▶ **Your instructions**: Nothing in the listing should differ in your copy; retype it all exactly.
───── Provided records
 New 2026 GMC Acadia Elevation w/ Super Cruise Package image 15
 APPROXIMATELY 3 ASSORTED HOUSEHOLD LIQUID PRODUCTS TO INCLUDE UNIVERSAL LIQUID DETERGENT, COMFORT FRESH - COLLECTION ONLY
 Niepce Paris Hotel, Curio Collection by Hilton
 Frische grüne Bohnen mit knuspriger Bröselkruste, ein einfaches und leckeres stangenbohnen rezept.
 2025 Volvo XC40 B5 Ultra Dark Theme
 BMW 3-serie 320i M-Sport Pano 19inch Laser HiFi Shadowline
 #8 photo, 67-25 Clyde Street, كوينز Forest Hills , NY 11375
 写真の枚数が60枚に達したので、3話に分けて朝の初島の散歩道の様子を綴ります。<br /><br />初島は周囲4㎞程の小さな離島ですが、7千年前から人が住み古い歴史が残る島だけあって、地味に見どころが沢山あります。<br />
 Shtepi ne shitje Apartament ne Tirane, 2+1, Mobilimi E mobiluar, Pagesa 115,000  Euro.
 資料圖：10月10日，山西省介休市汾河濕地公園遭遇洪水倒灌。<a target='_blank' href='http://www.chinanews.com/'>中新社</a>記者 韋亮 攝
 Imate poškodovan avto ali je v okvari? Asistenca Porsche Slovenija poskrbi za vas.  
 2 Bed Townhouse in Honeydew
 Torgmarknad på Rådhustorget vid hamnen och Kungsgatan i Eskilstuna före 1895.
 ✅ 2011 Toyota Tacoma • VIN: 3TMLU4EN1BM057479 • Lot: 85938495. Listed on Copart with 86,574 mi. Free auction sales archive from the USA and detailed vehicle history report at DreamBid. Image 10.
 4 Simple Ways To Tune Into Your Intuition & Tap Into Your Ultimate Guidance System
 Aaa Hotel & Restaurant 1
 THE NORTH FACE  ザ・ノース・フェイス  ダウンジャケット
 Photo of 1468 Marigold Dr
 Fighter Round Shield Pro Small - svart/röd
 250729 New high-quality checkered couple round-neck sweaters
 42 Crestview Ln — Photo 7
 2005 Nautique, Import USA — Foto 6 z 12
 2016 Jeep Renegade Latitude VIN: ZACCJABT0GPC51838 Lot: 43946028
──────────
▶ **Exercise output**:
 New 2026 GMC Acadia Elevation w/ Super Cruise Package image 15
 APPROXIMATELY 3 ASSORTED HOUSEHOLD LIQUID PRODUCTS TO INCLUDE UNIVERSAL LIQUID DETERGENT, COMFORT FRESH - COLLECTION ONLY
 Niepce Paris Hotel, Curio Collection by Hilton
 Frische grüne Bohnen mit knuspriger Bröselkruste, ein einfaches und leckeres stangenbohnen rezept.
 2025 Volvo XC40 B5 Ultra Dark Theme
 BMW 3-serie 320i M-Sport Pano 19inch Laser HiFi Shadowline
 #8 photo, 67-25 Clyde Street, كوينز Forest Hills , NY 11375
 写真の枚数が60枚に達したので、3話に分けて朝の初島の散歩道の様子を綴ります。<br /><br />初島は周囲4㎞程の小さな離島ですが、7千年前から人が住み古い歴史が残る島だけあって、地味に見どころが沢山あります。<br />
 Shtepi ne shitje Apartament ne Tirane, 2+1, Mobilimi E mobiluar, Pagesa 115,000  Euro.
 資料圖：10月10日，山西省介休市汾河濕地公園遭遇洪水倒灌。<a target='_blank' href='http://www.chinanews.com/'>中新社</a>記者 韋亮 攝
 Imate poškodovan avto ali je v okvari? Asistenca Porsche Slovenija poskrbi za vas.  
 2 Bed Townhouse in Honeydew
 Torgmarknad på Rådhustorget vid hamnen och Kungsgatan i Eskilstuna före 1895.
 ✅ 2011 Toyota Tacoma • VIN: 3TMLU4EN1BM057479 • Lot: 85938495. Listed on Copart with 86,574 mi. Free auction sales archive from the USA and detailed vehicle history report at DreamBid. Image 10.
 4 Simple Ways To Tune Into Your Intuition & Tap Into Your Ultimate Guidance System
 Aaa Hotel & Restaurant 1
 THE NORTH FACE  ザ・ノース・フェイス  ダウンジャケット
 Photo of 1468 Marigold Dr
 Fighter Round Shield Pro Small - svart/röd
 250729 New high-quality checkered couple round-neck sweaters
 42 Crestview Ln — Photo 7
 2005 Nautique, Import USA — Foto 6 z 12
 2016 Jeep Renegade Latitude VIN: ZACCJABT0GPC51838 Lot: 43946028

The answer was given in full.